En wie zal het, vooral in onze dagen, aandurven om te zeggen, dat we waarlijk wel wat beters te doen hebben, dan ons druk te maken met onze levensroeping, met onze levensplichten, met ons christelijk leven in al z'n acties en openbaringen naar den kant van de vele levensterreinen, die er voor ons en voor onze kinderen open liggen en dikwijls onder de meest verschillende levensomstandigheden en levensverhoudingen moeten worden vervuld ?
Het zijn principieele vraagstukken des zedelijken levens die aan de orde komen.
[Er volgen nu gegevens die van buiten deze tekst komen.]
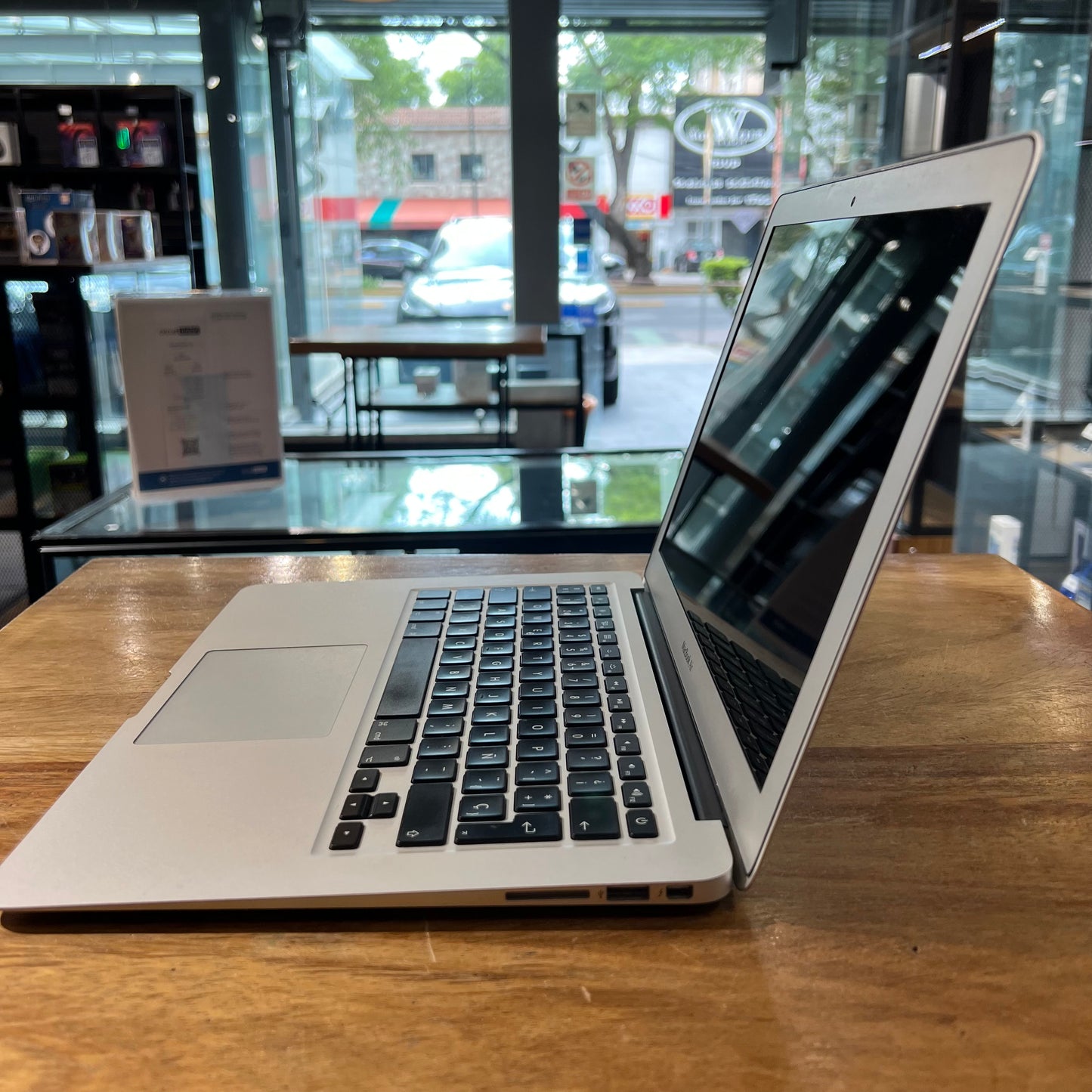 Macbook Air 13" 2015 (Producto Único)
Het zijn de principieele en practische problemen bij des menschen doen en laten, die onze aandacht vragen. En geen christen mag voor deze vraagstukken zich onverschillig betoonen. Integendeel, met volle aandacht zal de Ethiek, juist ook door den christen, die weet dat zijn leven, zijn handel en wandel, van zoo buitengewoon groote beteekenis is voor God en voor de menschen, moeten worden beoefend.
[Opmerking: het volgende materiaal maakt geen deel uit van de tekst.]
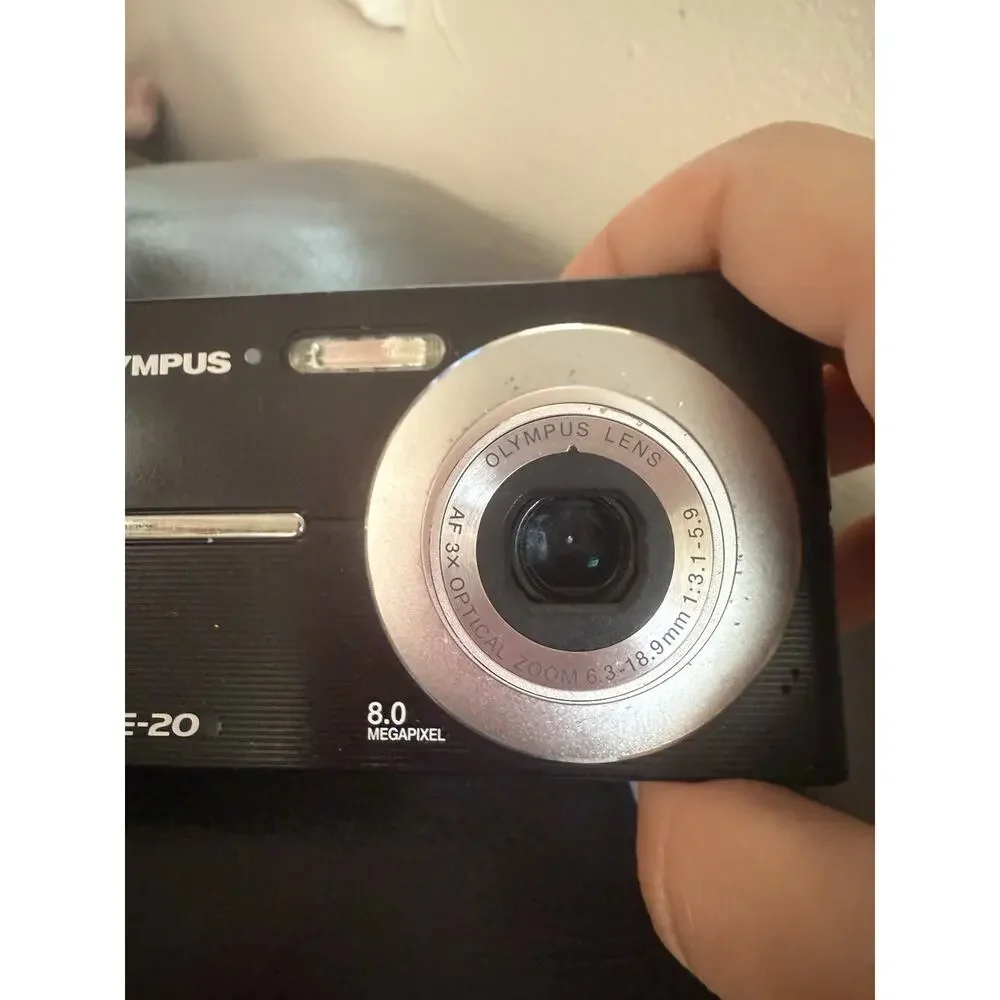 OLYMPUS FE-20 8.0 Megapixel Digital Camera, Powers On, FOR PARTS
Het leven des menschen in al z'n vertakkingen is van zoo groote beteekenis en vooral in onze dagen stapelen zich de vragen op, hoe de mensch, en vooral d e christen, zich heeft te gedragen in z'n persoonlijk leven en in het gemeenschapsleven, in het huwelijk, in het gezin met ouders en kinderen, in de Kerk, in het midden van het economisch en sociaal leven in Maatschappij en Staat. Vragen verlangende het sexueele leven, de opvoeding, de politiek enz., zijn aan de orde van den dag. Vragen aangaande gezag en vrijheid, rijkdom en armoede, oorlog en vrede, eed, doodstraf, lijkverbranding enz. enz. dringen zich aan ons op. En de vragen van wat onze roeping en onze plicht is ten opzichte van zoovele aangelegenheden belangende ons persoonlijk en ons gemeenschapsleven, rusten niet, vóórdat er een antwoord is gegeven, waarbij de beginselen, de argumenten, duidelijk naar voren komen en het practische leven van alle kanten is bezien.

(Wordt voortgezet).

Dit artikel werd u aangeboden door: de Gereformeerde Bond

Deze tekst is geautomatiseerd gemaakt en kan nog fouten bevatten. Digibron werkt voortdurend aan correctie. Klik voor het origineel door naar de pdf. Voor opmerkingen, vragen, informatie: contact.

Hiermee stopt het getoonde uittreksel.